Lake District Weekend: Day 1

After an excellent night in the ODG Climbers Bar, (where all outside was claggy and cold) Lord Elpus and I staggered off to Ambleside to make a couple of purchases: Two very smart 40 litre rucsacs for the TGO Challenge. We had both been strugling with overly large jobs for quite a while, but for Lord E, this was quite a reduction in size - from his 90 litre behemoth to a tiny 40 litre sack. He was quite amazed when all his kit actually fitted inside.

So it was then off to the rather smart little pub at Dockray for a refresher before heading off into the hills. Well, not exactly hills to start with - the lovely little old coach road that passes from Dockray to Keswick. An excellent bimble to warm the old bodies and to play with straps on the rucksacks to get them bedded in. The weather was glorious - warm and sunny in the middle of February!
The old coach road.
Then it was off up the very boggy right of way (no real path) alongside Mosedale Beck to take us up to Calfhow Pike and Little Dodd, where the views up to Helvellyn were wonderful.
The Helvellyn Range
Although it was only mid afternoon, we had the hilltops to ourselves as everyone else was making their way down to their B&B's and hotels, whilst we, on the other hand, were preparing for a highly irregular wildcamp up in the hills.

Phil and the Western Fells
The walking was wonderful on top, with short grassy turf and a bitterly cold wind with wintery slanting sunlight. (It did however amaze me at how unfit I felt struggling on the uphill bits!) We picked up Watson's Dodd and Stybarrow Dodd on our route south.
From Stybarrow Dodd looking east - ish
As the sun was sinking, the view to the south west was wonderful with Scafell and Great Gable prominant. By now it was getting very cold, so hoods and gloves were called for before making our way down to Sticks Pass, just below the ski-tow, to pop the tents up at the first available site on Sticks Gill (East). There aren't many available pitches here and so we made ready for a very cold night, with the clouds clearing for a star strewn sky.
View of Great Gable

Inroads were made into a nice flask of Highland Park and and we slept through a night of something like -3C (a guess, as most of my 4 litres water bag had frozen)

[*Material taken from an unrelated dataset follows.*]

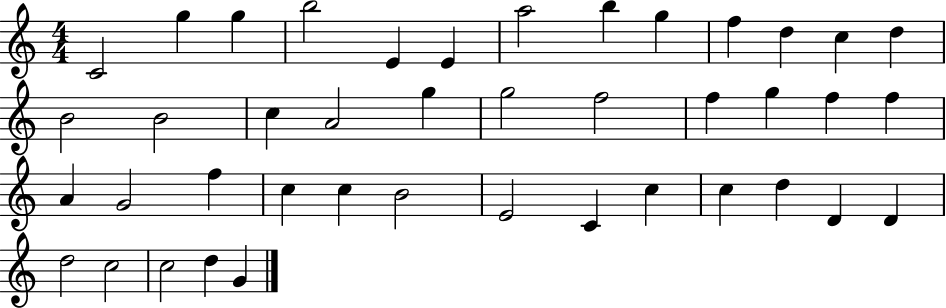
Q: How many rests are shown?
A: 0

  1. Nice looking rucksack, what is it...and is it heavy?


  2. Hello John

    It's a French job - by a company called Millet (not to be confused with the English 'Millets')

    This is the 40L 'Peuterey 40' which has a very handy crampon pocket which takes your tent and sit mat quite nicely. It's not 'lightweight' as it comes in at 1900 grams (but I am cutting all sorts of stuff off soon to get that down a bit.)

    It's a very comfortable pack for loads of around 28-30lbs (the harness on my old Opsrey Atmos 50L started to give way and so was becoming increasingly uncomfortable).

    This sack is built like a sack capable of much bigger capacitites but is only quite small. My gear packs down quite small but still comes in around the 30lb mark with food for three days or so and with water, so for me it is a great compromise.

    The hip belt is really good and the harness and fit is quite adjustable for a fixed length sack.

    It was also a storming price of just £70

  3. Hi Alan,
    Just caught up with your site an am enjoying going through it.
    What did you think of the Millet Rucksack after you had completed your trip? I am thinking of buying the same one and wondered if it would be a sensible purchase.